The Oireachtas should play a significant role in marking 1 May. Between 1 May and 9 May, there is a considerable period of time when the Oireachtas can do so. The first day of what will effectively be a European National Holiday will be 9 May. At the Convention, we agreed to the European anthem - "Ode to Joy", the EU flag and 9 May to be a EU-wide holiday. I am not in a position to give details, but I have given some consideration to marking this occasion. Cynicism should not be allowed to interfere with it. It is an historic occasion. The EU from the eastern boundaries of Poland, the western boundaries of Ireland, from the Arctic circle right down to Cyprus and Malta, will be one. I am proud of the role the Irish people played in this development. It should be celebrated in an appropriate way without going over the top. It is an interesting suggestion from the committee that the Oireachtas should play a role in this. I am interested in discussing any ideas Members have.

I know we are into free range suggestions, but as the Minister of State has put it so succinctly and enthusiastically, I suggest that this committee should invite the St. Patrick's Day Festival organisers to consider the reunification of Europe as its dominant theme.

Perhaps as an act of unification we should bring back the snakes.

What if we had a procession of floats from all the different countries instead of high school bands from Arkansas? They can come too, but they are not part of the Union.

An association agreement.

I do not want to anticipate anything that might be done around 1 May.

I note from the agenda that the Structural Funds report and the Cohesion Fund report for 2001 have been circulated. We should table those for consideration with a briefing note and put them on the agenda for a future meeting.

We have reports here on the 2,518th and 2,519th sessions of the General Affairs and External Relations Council. We also have the agenda for the 2,522nd and 2,523rd meetings. Where are the missing meetings as there must have been a 2,520th and 2,521st session?

I can assure the Deputy I do not have them. I did not notice there was a discontinuity in the numbers.

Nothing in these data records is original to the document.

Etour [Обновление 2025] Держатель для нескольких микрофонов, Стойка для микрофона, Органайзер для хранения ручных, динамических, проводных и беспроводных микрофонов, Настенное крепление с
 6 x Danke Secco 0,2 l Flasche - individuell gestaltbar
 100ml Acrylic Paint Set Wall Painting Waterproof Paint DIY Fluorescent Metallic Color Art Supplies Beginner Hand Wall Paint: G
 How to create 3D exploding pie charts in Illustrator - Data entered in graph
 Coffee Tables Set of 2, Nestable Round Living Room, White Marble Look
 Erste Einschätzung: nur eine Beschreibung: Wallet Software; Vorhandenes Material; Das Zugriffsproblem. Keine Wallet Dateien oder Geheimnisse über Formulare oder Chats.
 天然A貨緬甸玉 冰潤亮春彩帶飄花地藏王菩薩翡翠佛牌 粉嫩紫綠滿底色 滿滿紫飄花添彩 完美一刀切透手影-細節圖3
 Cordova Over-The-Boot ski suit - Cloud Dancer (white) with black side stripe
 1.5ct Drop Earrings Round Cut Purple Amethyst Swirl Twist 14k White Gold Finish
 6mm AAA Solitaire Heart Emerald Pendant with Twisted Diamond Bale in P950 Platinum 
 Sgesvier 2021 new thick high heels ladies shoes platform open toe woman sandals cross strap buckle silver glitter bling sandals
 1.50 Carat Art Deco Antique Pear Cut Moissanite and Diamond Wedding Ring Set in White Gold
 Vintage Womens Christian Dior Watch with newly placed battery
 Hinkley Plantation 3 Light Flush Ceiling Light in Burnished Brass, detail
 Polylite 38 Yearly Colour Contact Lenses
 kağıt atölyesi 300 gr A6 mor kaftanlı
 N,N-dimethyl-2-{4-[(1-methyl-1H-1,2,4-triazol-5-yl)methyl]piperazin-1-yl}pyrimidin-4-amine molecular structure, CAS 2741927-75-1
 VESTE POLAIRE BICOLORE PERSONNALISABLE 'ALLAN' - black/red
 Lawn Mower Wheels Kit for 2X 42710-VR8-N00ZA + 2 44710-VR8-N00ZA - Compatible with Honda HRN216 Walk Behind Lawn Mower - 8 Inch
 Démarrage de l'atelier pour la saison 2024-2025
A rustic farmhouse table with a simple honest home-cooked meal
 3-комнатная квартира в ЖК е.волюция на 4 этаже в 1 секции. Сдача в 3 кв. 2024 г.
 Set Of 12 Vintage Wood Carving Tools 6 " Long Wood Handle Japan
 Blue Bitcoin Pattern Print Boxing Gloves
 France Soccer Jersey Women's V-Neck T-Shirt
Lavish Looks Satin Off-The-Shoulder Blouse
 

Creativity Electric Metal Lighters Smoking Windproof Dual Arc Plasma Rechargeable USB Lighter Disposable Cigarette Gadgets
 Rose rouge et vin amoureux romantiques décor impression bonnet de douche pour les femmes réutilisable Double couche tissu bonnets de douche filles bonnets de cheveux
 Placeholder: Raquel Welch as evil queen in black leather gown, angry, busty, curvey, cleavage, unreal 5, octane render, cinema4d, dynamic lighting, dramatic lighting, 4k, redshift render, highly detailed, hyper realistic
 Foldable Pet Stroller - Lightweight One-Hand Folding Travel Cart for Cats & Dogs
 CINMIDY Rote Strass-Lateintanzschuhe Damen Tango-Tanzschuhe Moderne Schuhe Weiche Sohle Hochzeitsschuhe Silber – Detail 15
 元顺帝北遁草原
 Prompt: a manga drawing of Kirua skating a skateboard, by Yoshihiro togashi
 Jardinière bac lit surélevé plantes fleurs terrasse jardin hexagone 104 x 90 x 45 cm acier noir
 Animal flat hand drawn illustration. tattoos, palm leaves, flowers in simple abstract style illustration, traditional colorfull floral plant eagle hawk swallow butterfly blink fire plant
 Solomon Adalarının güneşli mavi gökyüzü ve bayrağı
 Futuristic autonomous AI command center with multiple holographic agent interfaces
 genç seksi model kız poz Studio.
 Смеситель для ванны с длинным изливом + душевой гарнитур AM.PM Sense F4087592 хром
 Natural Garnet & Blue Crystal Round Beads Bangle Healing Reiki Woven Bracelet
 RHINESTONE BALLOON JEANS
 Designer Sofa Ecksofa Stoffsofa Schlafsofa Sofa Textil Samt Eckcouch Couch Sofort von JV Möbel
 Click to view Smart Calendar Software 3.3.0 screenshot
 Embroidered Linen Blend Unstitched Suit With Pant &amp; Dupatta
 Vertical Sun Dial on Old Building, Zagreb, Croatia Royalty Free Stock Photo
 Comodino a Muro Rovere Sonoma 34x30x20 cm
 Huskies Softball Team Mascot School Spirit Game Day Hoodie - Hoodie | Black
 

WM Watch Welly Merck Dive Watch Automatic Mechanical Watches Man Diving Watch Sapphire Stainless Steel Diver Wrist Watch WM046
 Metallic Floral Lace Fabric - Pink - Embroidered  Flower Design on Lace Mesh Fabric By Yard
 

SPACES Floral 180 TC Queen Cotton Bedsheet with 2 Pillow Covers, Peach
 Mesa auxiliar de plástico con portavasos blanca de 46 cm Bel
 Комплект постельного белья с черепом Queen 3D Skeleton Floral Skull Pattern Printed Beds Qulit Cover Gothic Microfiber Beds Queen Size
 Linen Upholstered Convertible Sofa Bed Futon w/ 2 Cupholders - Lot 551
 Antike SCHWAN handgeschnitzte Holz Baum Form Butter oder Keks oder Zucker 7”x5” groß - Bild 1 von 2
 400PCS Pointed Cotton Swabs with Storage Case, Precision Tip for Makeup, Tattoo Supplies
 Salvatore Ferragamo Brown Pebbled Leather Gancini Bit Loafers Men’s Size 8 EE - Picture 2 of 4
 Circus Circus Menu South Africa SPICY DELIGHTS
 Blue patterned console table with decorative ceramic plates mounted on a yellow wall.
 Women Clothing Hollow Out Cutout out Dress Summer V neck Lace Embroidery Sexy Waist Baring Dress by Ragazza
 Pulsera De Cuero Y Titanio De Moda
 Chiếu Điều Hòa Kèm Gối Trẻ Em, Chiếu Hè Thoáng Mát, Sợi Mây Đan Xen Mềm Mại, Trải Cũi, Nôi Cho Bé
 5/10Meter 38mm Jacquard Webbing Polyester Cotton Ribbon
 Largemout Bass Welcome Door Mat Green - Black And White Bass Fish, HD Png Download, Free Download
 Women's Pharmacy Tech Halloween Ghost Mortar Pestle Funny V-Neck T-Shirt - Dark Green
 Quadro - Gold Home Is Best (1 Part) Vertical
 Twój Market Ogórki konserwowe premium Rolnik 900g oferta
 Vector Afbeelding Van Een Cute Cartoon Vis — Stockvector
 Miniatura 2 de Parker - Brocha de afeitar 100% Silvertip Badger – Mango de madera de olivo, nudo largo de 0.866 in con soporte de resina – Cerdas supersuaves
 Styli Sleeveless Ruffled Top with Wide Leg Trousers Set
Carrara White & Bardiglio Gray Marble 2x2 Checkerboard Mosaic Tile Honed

I understand it was in another format

Earlier today the inter-departmental committee - the Convention Oversight Committee - had its last meeting. Members would have met some of the officials from the committee from time to time. It should noted that our diplomatic corps and other Governmental Departments are small. There was an extraordinary effort put in for the last year. Deputies Carey and Quinn are aware of the extraordinary work done. As an ex-public servant, I am proud of the work our public service did. we were the best briefed representatives in the Convention. I look forward to the same professional approach in the Intergovernmental Conference.

The joint committee adjourned at 4 p.m.sine die.